Raking the coals forward will help when you do that larger load.


----------



## Backwoods Savage (Dec 29, 2012)

For sure you need to do some experimenting during the daytime so you can see what actually happens. And like others stated, try putting in a couple of larger splits or rounds when you fill it.

fwiw, many times on our stove we too can get the stove top pretty high, that is, between 600-700 (700 is the recommended high for our stove) and this with only 3 splits. Yet we never hesitate to fill the stove for a long burn and the stove top will still get as high but not higher.

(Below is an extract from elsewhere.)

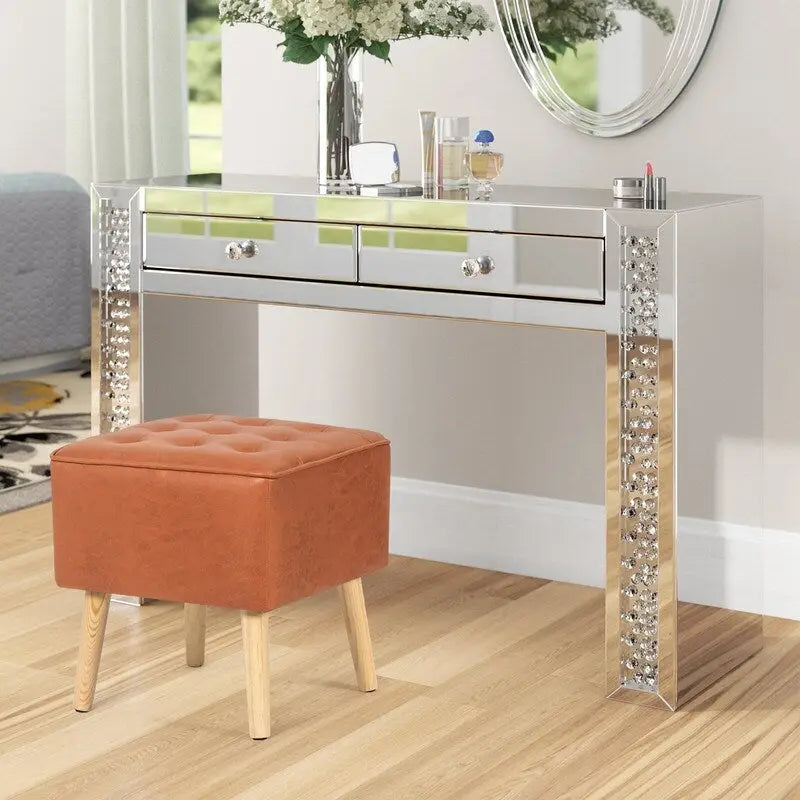 Square Faux Leather Tufted Footstool Ottoman Footrest Stool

One other thing I might suggest is to turn the draft down sooner. Rather than leaving the draft open until the stove gets hot, start dialing the draft down. It will take longer to get to that high temperature but will probably stay there longer which results in you getting more heat per burn. Experiment a little.


----------



## Slow1 (Dec 29, 2012)

While more wood makes for a hotter firebox to a point my experience is that it crests around 1/2 full - if your stove is in proper working order you should be able to control the burn when full and manage it to control the burn with a full box.  "Too much" wood in the box is when you try to stuff that last piece and it doesn't fit such that the door won't shut.


----------



## wood burning cop (Dec 29, 2012)

i always try to rake the coals forward and will throw a small piece on them if i need to burn them down between reloads.  it is amazing to see how much heat just the coals put off.  get that large chunk of steel up to temp and it stays hot for a long time.  i love having a wood burning stove.  in my other house i had a multi fuel stove that i used a mix of corn and wood pellets in.  it was ok, but this stove is soooo much beter.  i know all of the new burners go thru this paranoid stage and worry about a lot of stuff that should just be normal.  i will do some experimenting when my days off are and see what i can get this stove to do.  looking forward to cooking on the top of it also.  thanks again


----------



## 31 bertram (Dec 29, 2012)

My stove started doing this recently and I found it to be getting too much air, I found that the window gaskets needed to be replaced.


----------



## ohlongarm (Dec 29, 2012)

wood burning cop said:


> when i only put 3 or 4 small splits in the stove i can get the stovetop temp up to 700 or 750 degrees with the air only open a small amount. at this point i am affraid to put in a good size load for overnight burning. in my belief more wood equals higher btu's and a higher stovetop temp and overfiring. i use an ir thermometer ( the dial kind reads about 50 degrees cooler). is there a way to keep the temp lower when using more wood in the stove. any help or comments would be appreciated.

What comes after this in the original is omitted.